Türkiye ekonomisi (evet, yeniden, bir kez daha) durgunluk ile birlikte enflasyon ve döviz fiyatlarında yükselme ile tetiklenen bir kriz dalgası içerisine sürükleniyor. Bu satırların yazıldığı sıralarda Amerikan Doları’nın TL karşılığı 5.40 düzeyine ulaşmış; Merkez Bankası ise doların bu yükselişinin önüne geçmek üzere rezervlerinden 2 milyar dolar kullanarak, piyasalara sunmuş idi. Ekonomi idaresinin Türk Lirası’nın dövizler karşısındaki erimesine karşı şu ana değin sunduğu önlem planı, Merkez Bankası rezervlerinin kullanılması ve vatandaşların ellerinde tuttukları dövizleri TL’ye çevirmeleri çağrısına dayanmaktadır.

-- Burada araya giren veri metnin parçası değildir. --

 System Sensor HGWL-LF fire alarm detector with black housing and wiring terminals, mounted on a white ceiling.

Günde yaklaşık 4.5 trilyon dolarlık bir işlem hacminin döndüğü küresel döviz piyasalarında, Türk Lirası’nın değerini korumak üzere Merkez Bankası rezervlerini kullanarak ya da vatandaşların “yastık altı” diye anılan sistemin dışındaki döviz varlıklarını piyasaya davet ederek döviz piyasalarının istikrara kavuşturulamayacağı açıktır. Söz konusu “çağrı” olsa olsa vatandaşların milli duygularına hitap ederek, neoliberal küreselleşmenin getirdiği yükümlülükler zincirine intibak sürecini kolaylaştırmaktan ve söz konusu sürecin yol açtığı eşitsizliklerin gizlenmesinden ibarettir.

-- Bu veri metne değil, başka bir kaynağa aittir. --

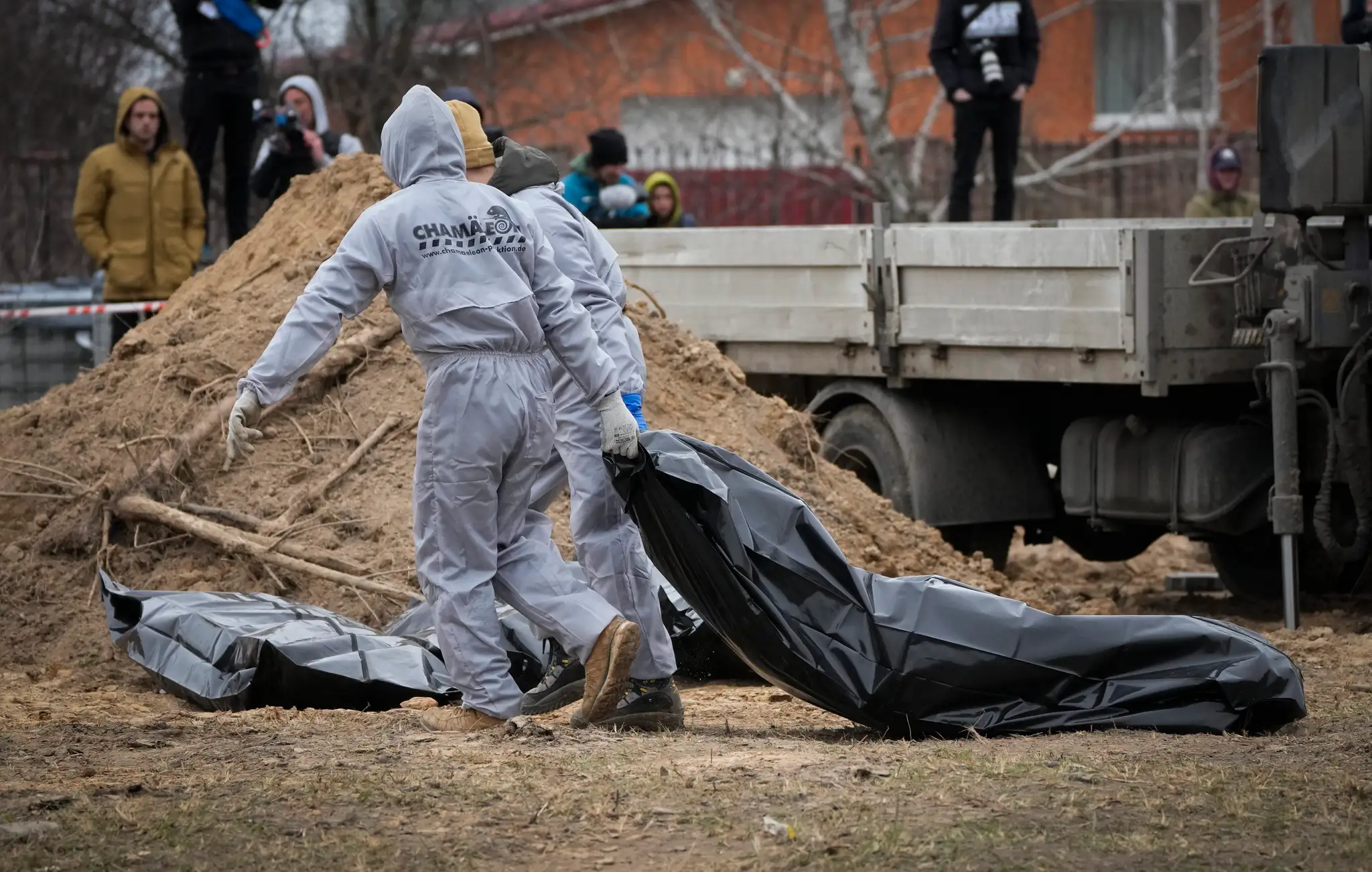 Muži v ochranných odevoch exhumujú telá civilistov v ukrajinskom meste Buča.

Neoliberal küreselleşmenin Türkiye benzeri gelişmekte olan piyasa ekonomilerinde yaratmakta olduğu tahribatı ört bas etmek ve gelişen toplumsal muhalefetin sisteme yönelik bir başkaldırıya dönüşmesini engelleyebilmek için başvurulan siyasi bir söylemdir, neoliberal milliyetçilik.
***
Konunun iktisadi göstergeler boyutuna bakacak olursak, Türkiye ekonomisinin uluslararası yazında geliştirilmiş öncü kriz göstergeleri açısından kritik eşiklerin ciddi olarak aşıldığı, kırılgan bir ekonomi olarak değerlendirildiği görülecektir. Dış borçların milli gelire oranı; cari işlemler açığının büyüklüğü ve finansman kalitesinin kısa vadeye sıkışmış olan sağlıksız görünümü; tasarruf – yatırım dengesizliği; Merkez Bankası döviz rezervlerinin kısa vadeli dış borçlara oranı; ve şirketler kesiminin dış açık pozisyonu gibi göstergeler bakımından Türkiye’nin dış kırılganlığı geçmiş kriz deneyimlerindeki kritik eşikleri aşmış konumdadır.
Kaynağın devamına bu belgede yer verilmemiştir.